Can cute Canadian Caribbean dreams about enchanted islands come true? Or is reality more complicated and Canada a far less benign actor than we imagine ourselves to be?
In a recent Boston Globe opinion titled “Haiti should relinquish its sovereignty,” Boston College professor Richard Albert writes, “the new Haitian Constitution should do something virtually unprecedented: renounce the power of self-governance and assign it for a term of years, say 50, to a country that can be trusted to act in Haiti’s long-term interests.” According to the Canadian constitutional law professor his native land, which Albert calls “one of Haiti’s most loyal friends,” should administer the Caribbean island nation.
Over the past 15 years prominent Canadian voices have repeatedly promoted “protectorate status” for Haiti. On January 31 and February 1, 2003, Jean Chrétien’s Liberal government organized the “Ottawa Initiative on Haiti” to discuss that country’s future. No Haitian officials were invited to this assembly where high-level US, Canadian and French officials decided that Haiti’s elected president “must go” and that the country would be put under a Kosovo-like UN trusteeship.

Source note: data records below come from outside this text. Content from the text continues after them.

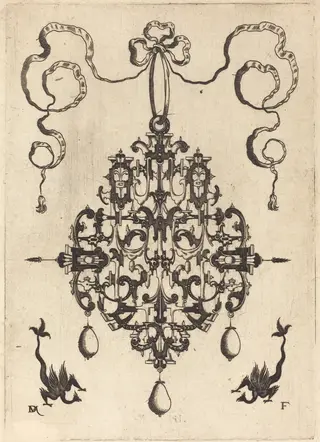 Large Pendant, Two Fantasy Creatures with Long Tails at Bottom, by Daniel Mignot, ink, 1596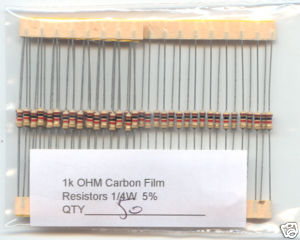 1K Ohm Carbon Film Resistors 1/4W 5%. (Pack of 50)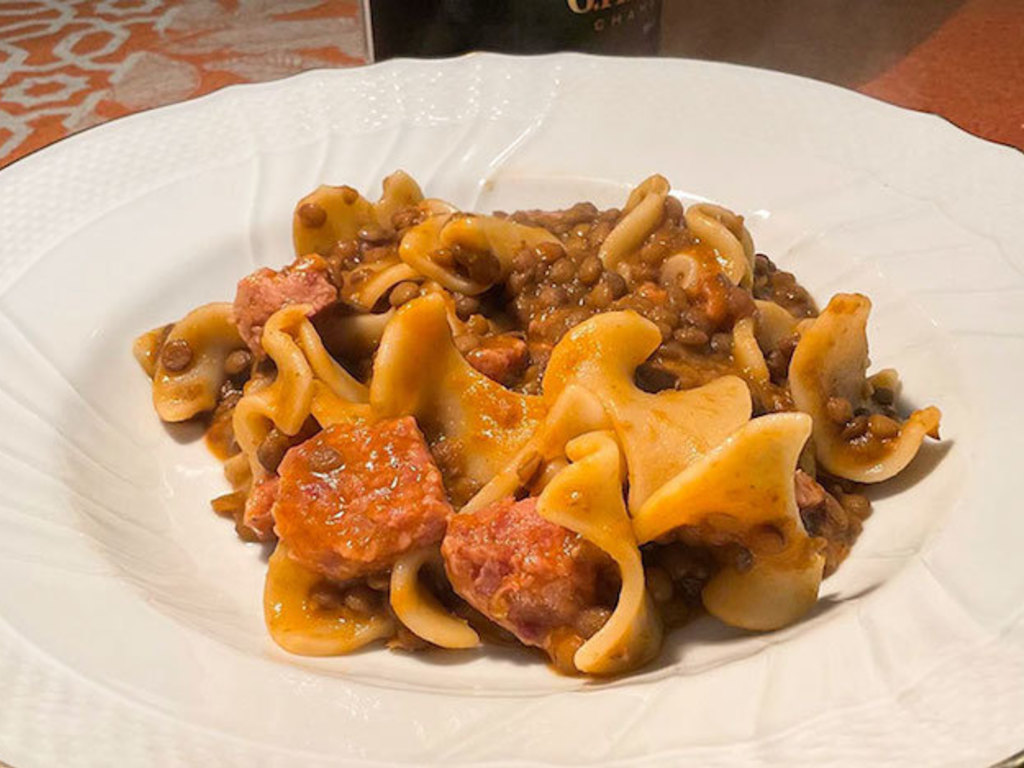 Trucioletti Latini con ragù di lenticchie e cotechino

Four months after Ottawa helped overthrow Haiti’s elected government Prime Minister Paul Martin reaffirmed his government’s desire to keep Haiti under long-term foreign control. “Fragile states often require military intervention to restore stability,” said Martin at a private meeting of “media moguls” in Idaho. Bemoaning what he considered the short-term nature of a previous intervention, the prime minister declared “this time, we have got to stay [in Haiti] until the job is done properly.”
A few months later a government-funded think tank, home to key Haiti policy strategists, elaborated a detailed plan for foreigners to run the country. According to the Foundation for the Americas (FOCAL) plan for Haiti’s future, commissioned by Parliament’s foreign affairs committee, the country’s different ministries would fall under Canadian oversight. Québec’s ministry of education, for instance, would oversee Haiti’s education system. The FOCAL plan put Haiti’s environment ministry under Canadian federal government supervision.

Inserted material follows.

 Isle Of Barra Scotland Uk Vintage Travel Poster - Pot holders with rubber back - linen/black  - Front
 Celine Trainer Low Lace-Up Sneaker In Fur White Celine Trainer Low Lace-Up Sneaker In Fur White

FOCAL’s proposal was made after the 2004 US/France/Canada coup weakened Haiti’s democratic institutions and social safety network, spurring thousands of violent deaths and a UN occupation that later introduced cholera to the country. Irrespective of the impact of foreign intervention, colonialists’ solution to Haiti’s problems is to further undermine Haitian sovereignty.

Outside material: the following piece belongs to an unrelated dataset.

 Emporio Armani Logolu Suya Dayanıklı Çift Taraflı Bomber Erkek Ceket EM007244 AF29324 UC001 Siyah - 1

Haiti is but one piece of the Caribbean that Canadians’ have sought to rule. Earlier this year NDP MP Erin Weir asked if Canada should incorporate “the Turks and Caicos Islands into Confederation.” Weir echoed an idea promoted by NDP MP Max Saltzman in the 1970s, Conservative MP Peter Goldring through the 2000s and an NDP riding association three years ago. A resolution submitted to the party’s 2014 convention noted, “New Democrats Believe in: Engaging with the peoples and government of Turks and Caicos Islands, and the British government to have the Turks and Caicos Islands become Canada’s 11th Province.” As I discuss in the current issue of Canadian Dimension magazine, leftists have long supported the expansion of Canadian power in the region.
In a 300-page thesis titled “Dreams of a Tropical Canada: Race, Nation, and Canadian Aspirations in the Caribbean Basin, 1883-1919″ Paula Pears Hastings outlines the campaign to annex territory in the region. “Canadians of varying backgrounds campaigned vigorously for Canada-West Indies union,” writes Hastings. “Their aspirations were very much inspired by a Canadian national project, a vision of a ‘Greater Canada’ that included the West Indies.”
Canada’s sizable financial sector in the region played an important part in these efforts. In Towers of Gold, Feet of Clay: The Canadian Banks, Walter Stewart notes: “The business was so profitable that in 1919 Canada seriously considered taking the Commonwealth Caribbean off mother England’s hands.”
At the end of World War I Ottawa asked the Imperial War Cabinet if it could take possession of the British West Indies as compensation for Canada’s defence of the empire. London balked. Ottawa was unsuccessful in securing the British Caribbean partly because the request did not find unanimous domestic support. Prime Minister Robert Borden was of two minds on the issue. From London he dispatched a cable noting, “the responsibilities of governing subject races would probably exercise a broadening influence upon our people as the dominion thus constituted would closely resemble in its problems and its duties the empire as a whole.”
But, on the other hand, Borden feared that the Caribbean’s Black population might want to vote. He remarked upon “the difficulty of dealing with the coloured population, who would probably be more restless under Canadian law than under British control and would desire and perhaps insist upon representation in Parliament.”
Proposing Canada acquire Turks and Caicos or rule Haiti may be outlandish, but it’s not benign. These suggestions ignore Caribbean history, foreign influence in the region and white wash the harm Ottawa has caused there. Even worse, they enable politicians’ to pursue ever more aggressive policies in the region.